Dobish also reports:
Note that the end of the ‘pages 2-3’ section is dated “in Summer 1972” rather than “January 1972” or “Spring 1972” or “late Summer 1972” or “Fall 1972” or the other “Fall 1972.”
Based on its “date” it would seem to have been issued between HH-126 and HH-127.
Dobish is using HH for his numbering — for the Herron-Haefele list. I like the purity of the Item number blocks in the pictorial history, but hey, the info is out in the world, and meant for collectors and booksellers to use. If now it is HH, then HH it is.
Item 123 is the Stock List (Coming in 1971-72) in which the other two Items are tack-stapled. Or, per Dobish, HH-123.
“Note that this copy of HH-123,” he says, “has a FOR THE TRADE leaf stapled inside the front cover.
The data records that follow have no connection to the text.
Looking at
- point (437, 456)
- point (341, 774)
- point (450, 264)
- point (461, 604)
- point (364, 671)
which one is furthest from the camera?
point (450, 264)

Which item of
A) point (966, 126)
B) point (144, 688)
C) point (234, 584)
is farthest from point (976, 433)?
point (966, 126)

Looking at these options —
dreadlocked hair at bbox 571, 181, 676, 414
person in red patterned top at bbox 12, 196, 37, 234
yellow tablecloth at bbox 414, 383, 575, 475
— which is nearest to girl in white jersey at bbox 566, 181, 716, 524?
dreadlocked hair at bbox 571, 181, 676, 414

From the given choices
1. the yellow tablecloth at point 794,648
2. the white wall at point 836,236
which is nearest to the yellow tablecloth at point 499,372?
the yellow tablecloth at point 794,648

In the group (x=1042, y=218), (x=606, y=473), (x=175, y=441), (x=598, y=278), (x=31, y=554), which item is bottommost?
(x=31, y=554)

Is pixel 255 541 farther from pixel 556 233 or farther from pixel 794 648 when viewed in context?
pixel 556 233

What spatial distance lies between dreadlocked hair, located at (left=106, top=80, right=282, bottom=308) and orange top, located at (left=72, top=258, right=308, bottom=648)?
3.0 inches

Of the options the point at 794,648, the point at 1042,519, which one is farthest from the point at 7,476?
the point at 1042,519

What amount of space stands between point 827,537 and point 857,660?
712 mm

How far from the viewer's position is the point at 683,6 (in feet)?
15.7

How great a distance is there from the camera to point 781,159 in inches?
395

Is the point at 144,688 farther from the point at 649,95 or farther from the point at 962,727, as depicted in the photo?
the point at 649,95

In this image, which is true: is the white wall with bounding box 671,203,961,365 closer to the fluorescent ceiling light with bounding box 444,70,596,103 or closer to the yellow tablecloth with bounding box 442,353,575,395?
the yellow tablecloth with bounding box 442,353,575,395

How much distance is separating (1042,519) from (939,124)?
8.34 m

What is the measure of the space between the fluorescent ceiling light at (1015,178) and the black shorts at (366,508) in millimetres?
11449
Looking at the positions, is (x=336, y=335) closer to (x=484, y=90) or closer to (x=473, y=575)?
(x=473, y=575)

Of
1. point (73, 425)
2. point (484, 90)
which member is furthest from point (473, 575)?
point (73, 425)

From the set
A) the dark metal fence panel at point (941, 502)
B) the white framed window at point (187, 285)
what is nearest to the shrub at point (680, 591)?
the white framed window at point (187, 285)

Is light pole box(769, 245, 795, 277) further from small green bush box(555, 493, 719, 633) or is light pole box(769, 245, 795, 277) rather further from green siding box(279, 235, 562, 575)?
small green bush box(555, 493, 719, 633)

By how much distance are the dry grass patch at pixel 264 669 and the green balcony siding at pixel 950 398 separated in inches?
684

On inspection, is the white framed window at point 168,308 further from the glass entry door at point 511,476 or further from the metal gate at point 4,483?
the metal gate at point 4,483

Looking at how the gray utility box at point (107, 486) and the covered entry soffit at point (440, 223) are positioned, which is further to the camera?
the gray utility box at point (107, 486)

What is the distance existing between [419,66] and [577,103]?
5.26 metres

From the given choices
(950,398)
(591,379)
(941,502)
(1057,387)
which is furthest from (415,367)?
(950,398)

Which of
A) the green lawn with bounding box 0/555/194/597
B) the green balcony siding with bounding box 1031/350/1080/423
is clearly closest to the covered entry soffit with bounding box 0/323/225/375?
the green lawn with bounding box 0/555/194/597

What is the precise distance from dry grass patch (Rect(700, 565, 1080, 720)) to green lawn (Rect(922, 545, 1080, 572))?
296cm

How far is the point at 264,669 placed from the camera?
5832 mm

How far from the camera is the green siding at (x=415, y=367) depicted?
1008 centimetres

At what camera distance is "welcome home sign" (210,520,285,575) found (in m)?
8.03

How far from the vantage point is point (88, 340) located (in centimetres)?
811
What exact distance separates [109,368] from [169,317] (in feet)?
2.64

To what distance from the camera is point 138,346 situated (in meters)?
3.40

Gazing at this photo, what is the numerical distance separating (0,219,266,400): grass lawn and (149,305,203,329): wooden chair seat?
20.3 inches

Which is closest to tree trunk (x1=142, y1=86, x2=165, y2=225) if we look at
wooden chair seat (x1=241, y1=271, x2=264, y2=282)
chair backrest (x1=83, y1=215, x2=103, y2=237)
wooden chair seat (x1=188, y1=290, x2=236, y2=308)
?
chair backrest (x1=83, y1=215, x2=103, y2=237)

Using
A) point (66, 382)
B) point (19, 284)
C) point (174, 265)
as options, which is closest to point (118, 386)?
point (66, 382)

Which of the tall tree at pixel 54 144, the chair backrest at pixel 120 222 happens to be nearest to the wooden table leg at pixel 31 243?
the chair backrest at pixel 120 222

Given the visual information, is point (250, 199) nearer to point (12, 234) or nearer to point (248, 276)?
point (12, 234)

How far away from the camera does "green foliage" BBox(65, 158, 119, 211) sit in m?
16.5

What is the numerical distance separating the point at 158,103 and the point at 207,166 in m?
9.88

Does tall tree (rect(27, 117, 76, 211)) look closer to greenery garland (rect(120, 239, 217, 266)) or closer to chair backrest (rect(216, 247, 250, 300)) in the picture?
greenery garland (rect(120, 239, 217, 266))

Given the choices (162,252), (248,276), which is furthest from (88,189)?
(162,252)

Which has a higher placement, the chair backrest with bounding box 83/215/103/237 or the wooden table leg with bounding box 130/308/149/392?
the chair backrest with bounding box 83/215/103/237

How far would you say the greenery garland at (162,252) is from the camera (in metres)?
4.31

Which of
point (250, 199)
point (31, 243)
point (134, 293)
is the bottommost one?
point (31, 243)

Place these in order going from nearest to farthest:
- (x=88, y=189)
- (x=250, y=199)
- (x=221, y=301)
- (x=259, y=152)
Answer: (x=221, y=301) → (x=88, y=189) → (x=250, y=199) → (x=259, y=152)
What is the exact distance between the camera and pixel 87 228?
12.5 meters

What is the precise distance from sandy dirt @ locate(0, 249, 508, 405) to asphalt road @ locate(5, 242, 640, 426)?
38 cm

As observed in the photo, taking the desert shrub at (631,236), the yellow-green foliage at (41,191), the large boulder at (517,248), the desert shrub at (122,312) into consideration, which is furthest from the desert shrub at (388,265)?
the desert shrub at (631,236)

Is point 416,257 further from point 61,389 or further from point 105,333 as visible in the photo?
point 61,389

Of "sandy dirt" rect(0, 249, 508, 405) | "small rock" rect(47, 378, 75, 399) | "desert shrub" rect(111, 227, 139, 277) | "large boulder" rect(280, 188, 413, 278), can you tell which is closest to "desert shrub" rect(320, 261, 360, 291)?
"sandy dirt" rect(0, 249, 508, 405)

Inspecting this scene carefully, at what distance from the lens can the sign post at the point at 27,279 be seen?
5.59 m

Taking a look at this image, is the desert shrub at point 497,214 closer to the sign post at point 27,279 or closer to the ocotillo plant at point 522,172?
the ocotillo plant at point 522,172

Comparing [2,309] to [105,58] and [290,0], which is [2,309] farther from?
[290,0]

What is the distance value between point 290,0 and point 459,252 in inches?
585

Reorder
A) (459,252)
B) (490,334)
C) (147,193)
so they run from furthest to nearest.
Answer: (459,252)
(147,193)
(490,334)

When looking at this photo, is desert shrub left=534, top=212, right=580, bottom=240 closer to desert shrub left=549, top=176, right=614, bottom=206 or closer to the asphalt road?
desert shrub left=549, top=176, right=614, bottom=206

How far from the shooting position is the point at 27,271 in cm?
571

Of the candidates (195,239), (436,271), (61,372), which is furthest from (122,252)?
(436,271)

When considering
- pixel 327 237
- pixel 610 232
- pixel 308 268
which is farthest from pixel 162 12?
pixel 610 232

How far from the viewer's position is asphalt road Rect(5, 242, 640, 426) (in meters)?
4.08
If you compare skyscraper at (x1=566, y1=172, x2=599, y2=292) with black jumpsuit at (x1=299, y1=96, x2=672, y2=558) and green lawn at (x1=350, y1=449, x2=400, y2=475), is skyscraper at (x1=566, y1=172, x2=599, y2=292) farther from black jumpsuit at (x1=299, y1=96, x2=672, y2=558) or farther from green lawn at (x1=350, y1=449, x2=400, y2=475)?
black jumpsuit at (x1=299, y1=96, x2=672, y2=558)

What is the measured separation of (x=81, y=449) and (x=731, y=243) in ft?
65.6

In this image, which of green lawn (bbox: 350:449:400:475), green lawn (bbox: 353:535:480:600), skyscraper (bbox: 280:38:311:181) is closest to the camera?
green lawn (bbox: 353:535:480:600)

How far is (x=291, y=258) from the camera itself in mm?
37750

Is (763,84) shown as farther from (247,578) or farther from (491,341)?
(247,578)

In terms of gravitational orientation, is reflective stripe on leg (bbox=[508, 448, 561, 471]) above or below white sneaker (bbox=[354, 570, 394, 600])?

This is the first such example that I have come across.” In Eph Book we do not note that FOR THE TRADE comes with that catalog, but once Derleth created the insert (Item 70) it could serve as a “floating” addition that could appear in almost any catalog.
Dobish wants to have a FOR THE TRADE in every Stock List it is known to appear, so on that angle alone he’s scored with this purchase.
I’m also confident that this copy of Item 123 was sent to a book dealer. First clew is the FOR THE TRADE slip. Those didn’t go to regular buyers. And the next clews are the “SHORT DISCOUNT” and “NO DISCOUNT” written on the Due to the Death notice.